United States Lighthouse Service
- Name: USLHT Canlaon
- Namesake: Mount Kanlaon
- Owner: Commonwealth of the Philippines
- Ordered: 23 June 1930
- Builder: Schichau-Werke
- Yard number: 1236
- Launched: 29 November 1930
- Completed: February 1931
- Homeport: Manila
- Fate: Sunk by air attack, 27 December 1941

General characteristics
- Class & type: lighthouse tender
- Tonnage: 667 GT, 225 NT
- Length: 52.5 metres (172 ft 3 in)
- Beam: 9.1 metres (29 ft 10 in)
- Draught: 4.0 metres (13 ft 1 in)
- Installed power: 1,100 ihp

= USLHT Canlaon =

USLHT Canlaon was lighthouse tender that served in the Philippines.

==History==
On 23 June 1930, she was ordered by the government of the Commonwealth of the Philippines from the German shipbuilder Schichau-Werke, the first of three cutters ordered from Schichau-Werke to serve with the Bureau of Customs as inspection and enforcement ships (the other two ships were her sister ship Banahao and the 903-GRT Arayat). She was laid down at Schichau's Danzig shipyard, launched on 29 November 1930, completed in February 1931, and delivered on 25 February 1931. Canlaon was later converted to a lighthouse tender. In 1936, she assisted in the salvage of the survey vessel USC&GS Fathomer.
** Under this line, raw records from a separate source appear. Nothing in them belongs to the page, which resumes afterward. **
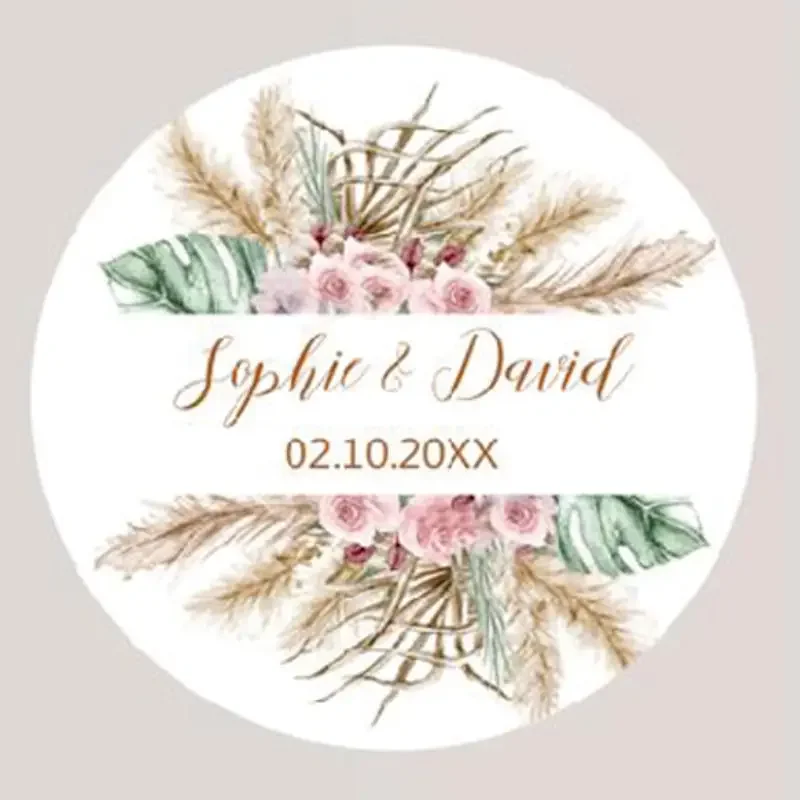 96-Pack Pampas Grass Wedding Stickers – Customizable Sealing Labels for Weddings, Baptisms, Birthdays, Party Decor, Personalized Gift Tags, Event Favors, DIY Craft Stickers for Celebrations 96-Pack Pampas Grass Wedding Stickers – Customizable Sealing Labels for Weddings, Baptisms, Birthdays, Party Decor, Personalized Gift Tags, Event Favors, DIY Craft Stickers for Celebrations - 图片 14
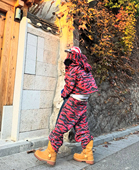 Camo复古水洗迷彩牛仔裤 Michael Convertible Red Jaejoon Kim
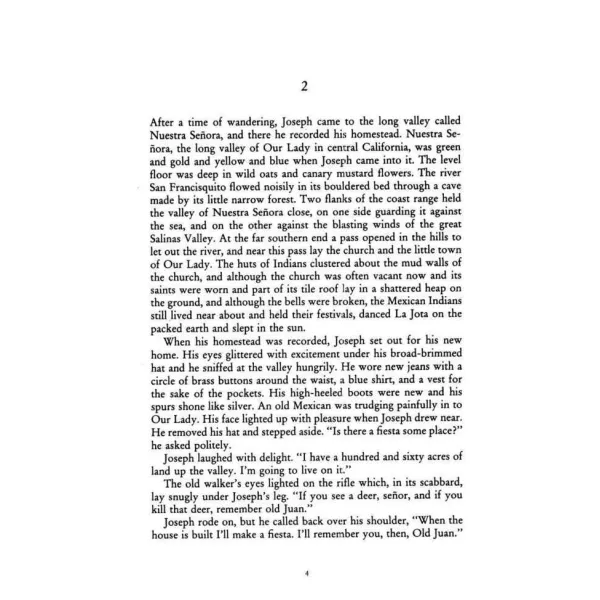 To a God Unknown. Mr John Steinbeck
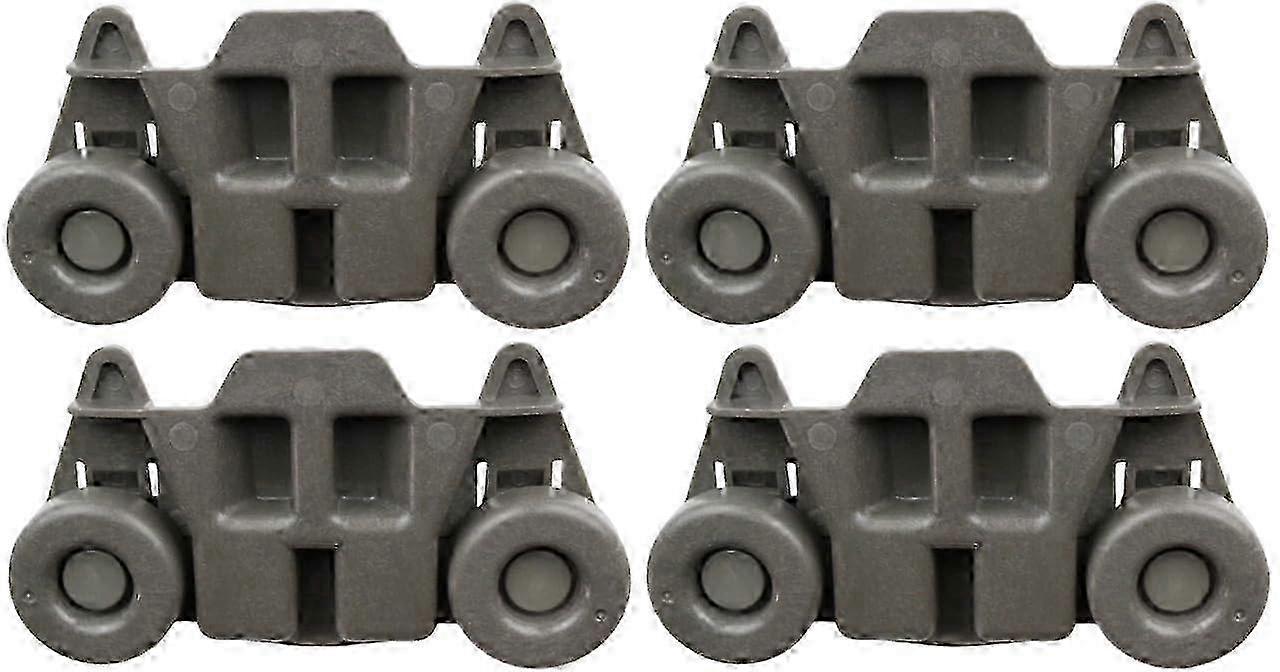 4-Pack Lower Rack Wheel Replacement for Dishwashers Compatible with KitchenAid Models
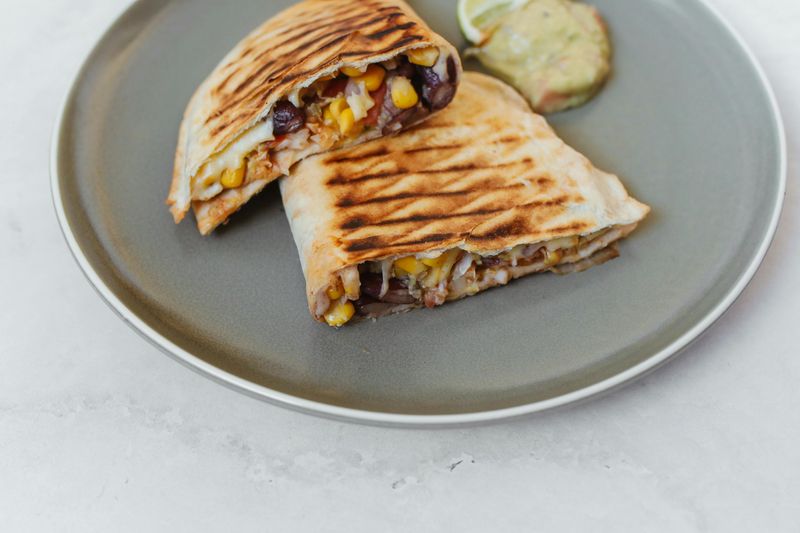 Cheesy Bean Quesadillas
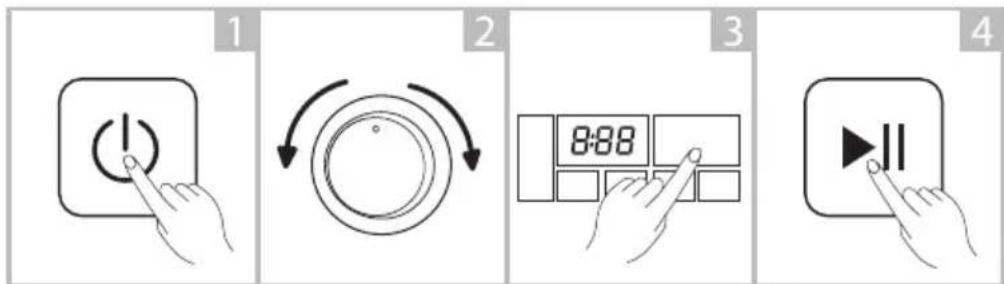 TOSHIBA TW-T25BU115MWVMG - Bắt đầu giặt - 1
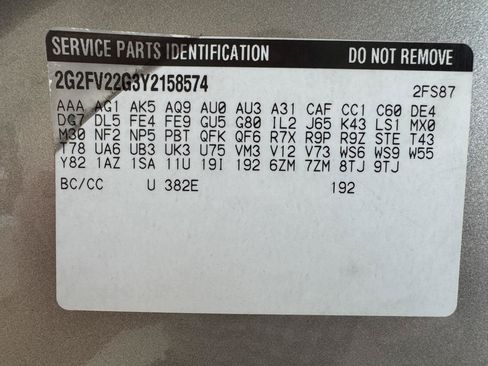 Used 2000 Pontiac Firebird Formula RWD image 50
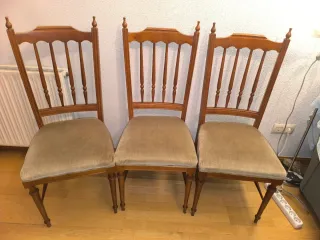 Juego de 6 sillas estilo clásico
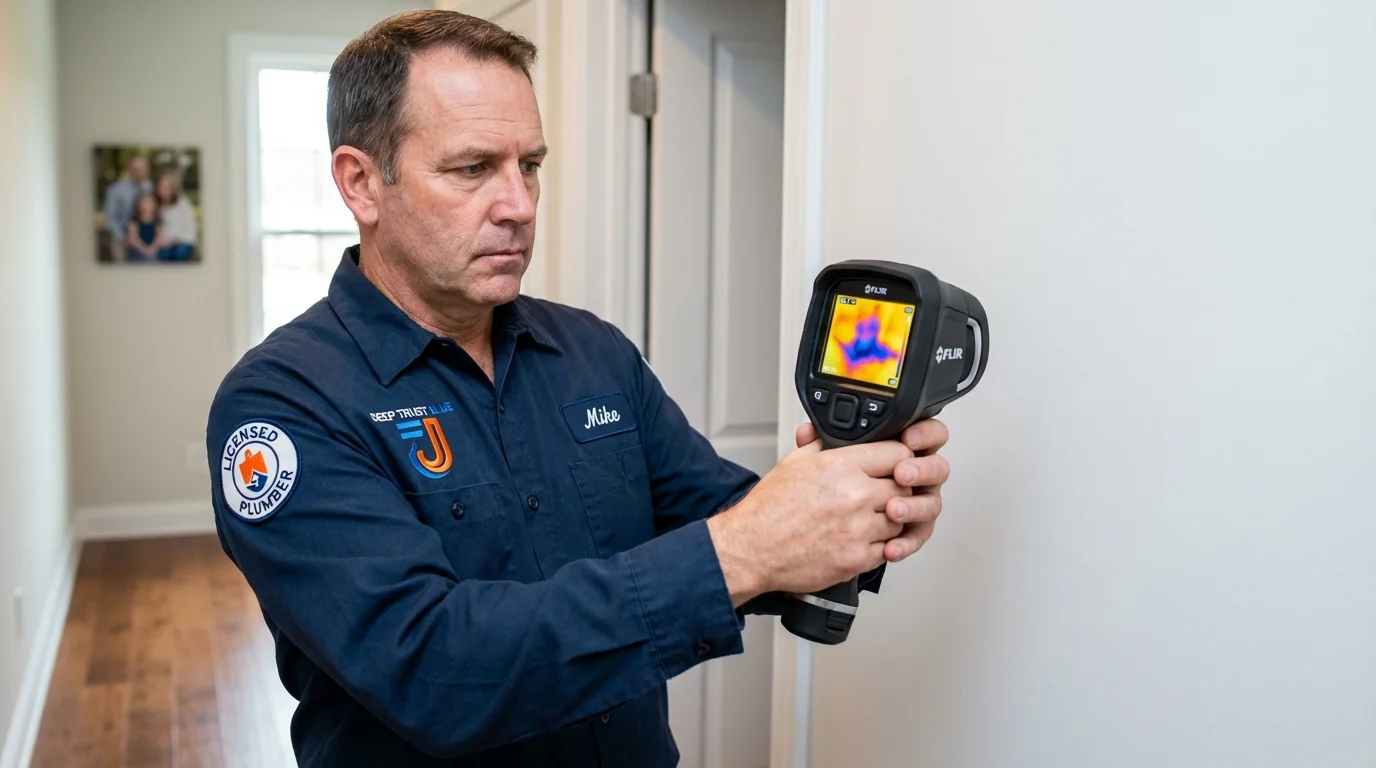 Thermal imaging leak detection by Johns Plumbing LLC in Brevard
During the Japanese invasion the Philippines, she returned to her home port of Manila where the Asiatic Fleet had retreated. On 27 December 1941, Japanese attack planes from the 1st Kōkūtai and the Takao Kōkūtai attacked Manila Bay. Canlaon, while moored in the Pasig River, received a direct hit and sunk. Customs cutters Arayat and Mindoro, and motor vessel Ethel Edwards were set ablaze while the steamship Taurus was so heavily damaged, she was scuttled.